▶ [Work required]:
Transcribe every line of the material below exactly, leaving out the pictures.

▶ [The data]:

+++

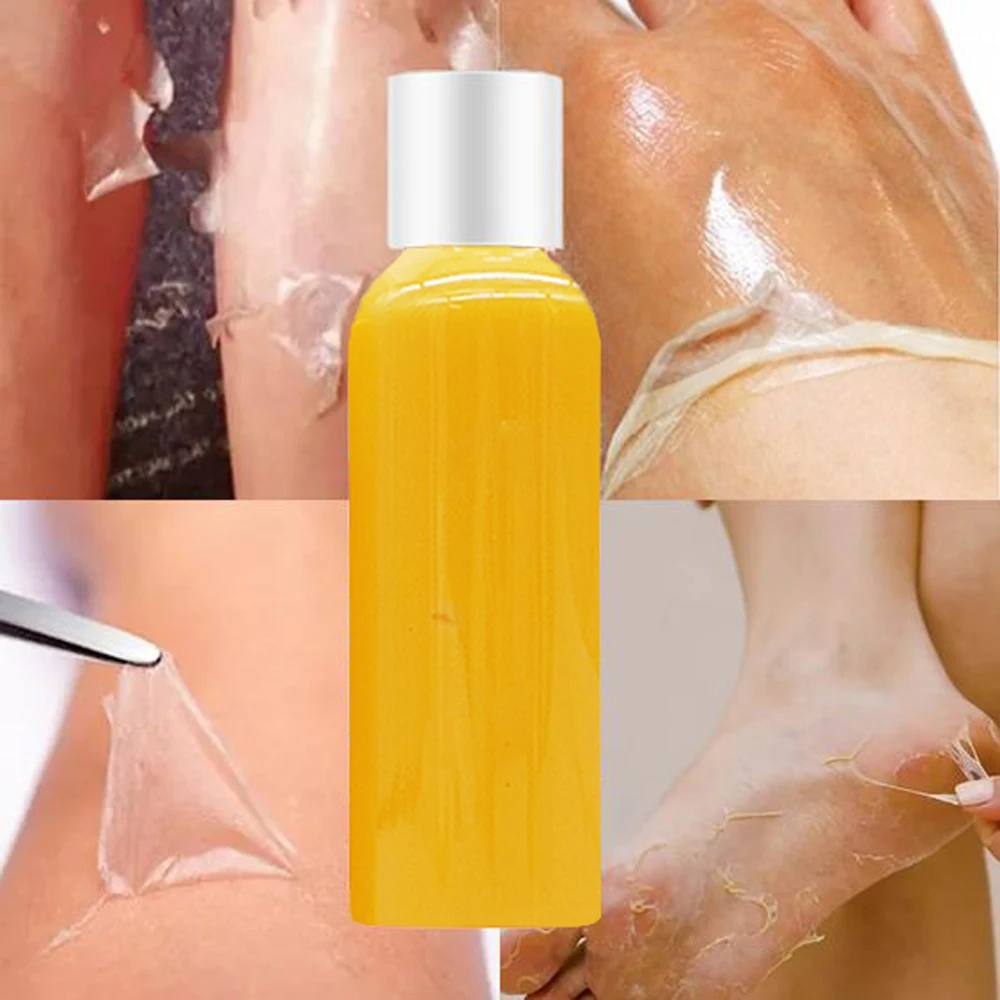 Hot-selling Peeling Lotion Wholesale Moisturizing Whitening Scars Lightening Dark Spots Dark Knuckle Body Care Orange Lotion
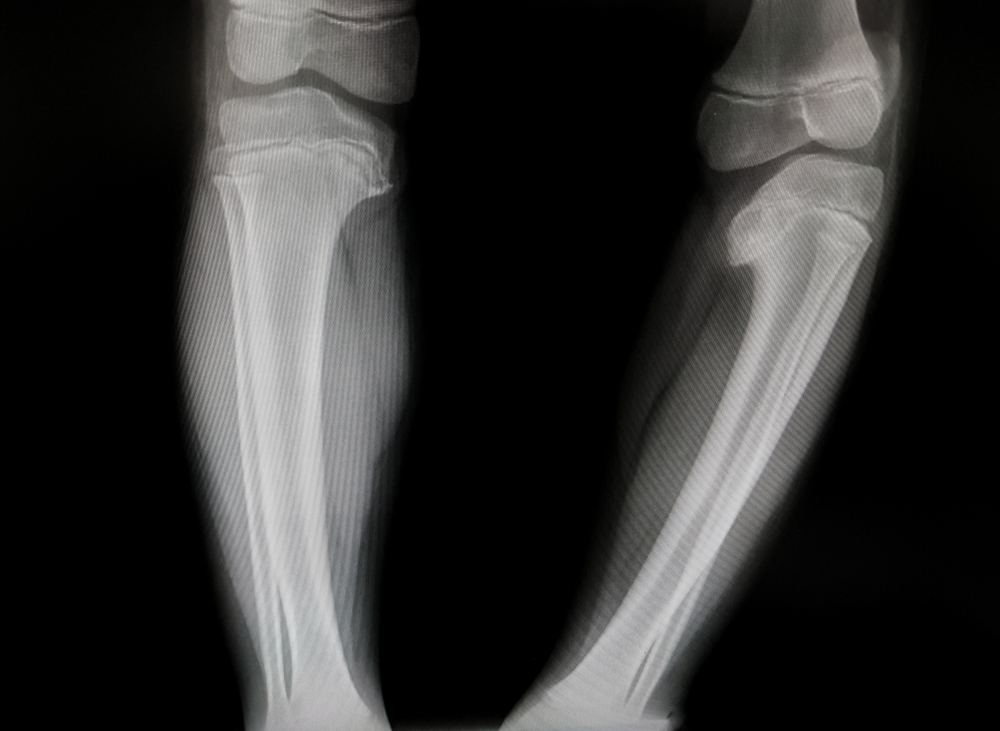 shutterstock_1452967904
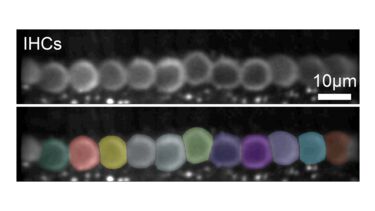 In vivo hair cells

+++

▶ [Result of the exercise]:
 Hot-selling Peeling Lotion Wholesale Moisturizing Whitening Scars Lightening Dark Spots Dark Knuckle Body Care Orange Lotion
 shutterstock_1452967904
 In vivo hair cells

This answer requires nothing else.